Getting lost on the outskirts of Vancouver was not a good start, but things got more scenic as we travelled over the Cascade mountains and through the baking plains of Washington and Oregon to our first stop in Idaho.  Idaho has the largest area of wilderness (i.e. no roads or buildings) in the lower 48 states and two and a half hours on dirt roads took us just into its edge.

Night one campsite, OR, too hot for the fly-sheet at 39c
We'd picked the hike in the Frank Church wilderness as the guidebook said it would be 'less busy'. When we arrived at the deserted campground, with picnic tables still upturned and no water, we realised what that meant in the least populated state in the US. Slightly spooked by its emptiness, it's fair to say we over-reacted to the midnight snuffling outside our tent by spending night two sleeplessly in the car, watching for bears.  

Next day we picked a different mountain range to hike in; the jagged Sawtooths. Short, sharp, afternoon mountain thunderstorms would become a feature of the trip, but our first one caught us out and, despite still being 35 degrees, we chilled down pretty quickly.  Once we had them figured out though, it was pretty much the last inconvenient rain of the entire trip.

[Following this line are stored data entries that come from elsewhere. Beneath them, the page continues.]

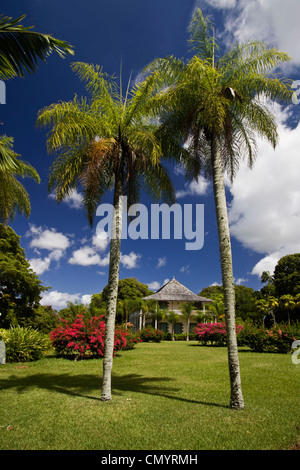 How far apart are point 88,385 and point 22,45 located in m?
9.58

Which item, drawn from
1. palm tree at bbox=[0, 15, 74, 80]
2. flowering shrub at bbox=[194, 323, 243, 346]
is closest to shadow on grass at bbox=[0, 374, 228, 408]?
palm tree at bbox=[0, 15, 74, 80]

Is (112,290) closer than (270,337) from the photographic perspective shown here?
Yes

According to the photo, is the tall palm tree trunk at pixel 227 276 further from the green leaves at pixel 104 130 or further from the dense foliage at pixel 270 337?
the dense foliage at pixel 270 337

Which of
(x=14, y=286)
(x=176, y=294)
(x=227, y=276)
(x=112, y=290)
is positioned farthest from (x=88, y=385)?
(x=176, y=294)

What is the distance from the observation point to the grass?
4.83 metres

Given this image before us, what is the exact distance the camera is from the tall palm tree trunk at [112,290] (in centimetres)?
777

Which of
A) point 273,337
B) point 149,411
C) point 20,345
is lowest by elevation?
point 149,411

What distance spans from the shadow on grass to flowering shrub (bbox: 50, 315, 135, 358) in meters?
4.03

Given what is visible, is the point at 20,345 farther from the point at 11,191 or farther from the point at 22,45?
the point at 22,45

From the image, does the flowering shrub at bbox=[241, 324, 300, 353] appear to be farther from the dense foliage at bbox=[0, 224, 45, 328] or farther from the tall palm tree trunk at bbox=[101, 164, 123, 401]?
the dense foliage at bbox=[0, 224, 45, 328]

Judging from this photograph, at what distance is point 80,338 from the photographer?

Suzie Q (the Subaru) spent a lot of the trip looking like this
Our next state was one of our favourite from last year: Utah.  Mainly desert, with incredible rock formations and weird wildlife, our first stop did not disappoint: the Craters of the Moon national monument. 618 square miles of spiky black laval rock formed during eight huge volcanic eruptions. It was an unexpected National Park service gem including hikes up an ancient cinder cone, into an underground desert cave with permanent ice and our first sighting of bats.

Mark touching a real life dinosaur bone
Our next national monument had been a must on the itinerary ever since I'd read its single name in the guidebook: Dinosaur.  In 1909, the Carnegie Musueum in Pittsburgh had an empty Dinosaur Hall and, in the mission to fill it, they found one of the worlds biggest fossil beds from the era of the huge Jurassic dinosaurs.  They extracted dozens of complete skeletons and then left an entire quarry face filled with bones for the public to enjoy.  The exhibit hall was gob smacking; complete stegosaurus, diplodocus and allosaurus skeletons still embedded in the rock which you could even touch. My 8 year old geeky, dinosaur obsessed self would have been stunned.  If our car hadn't already been packed to the gills, I would have insisted on the full size allosaurus bronze head...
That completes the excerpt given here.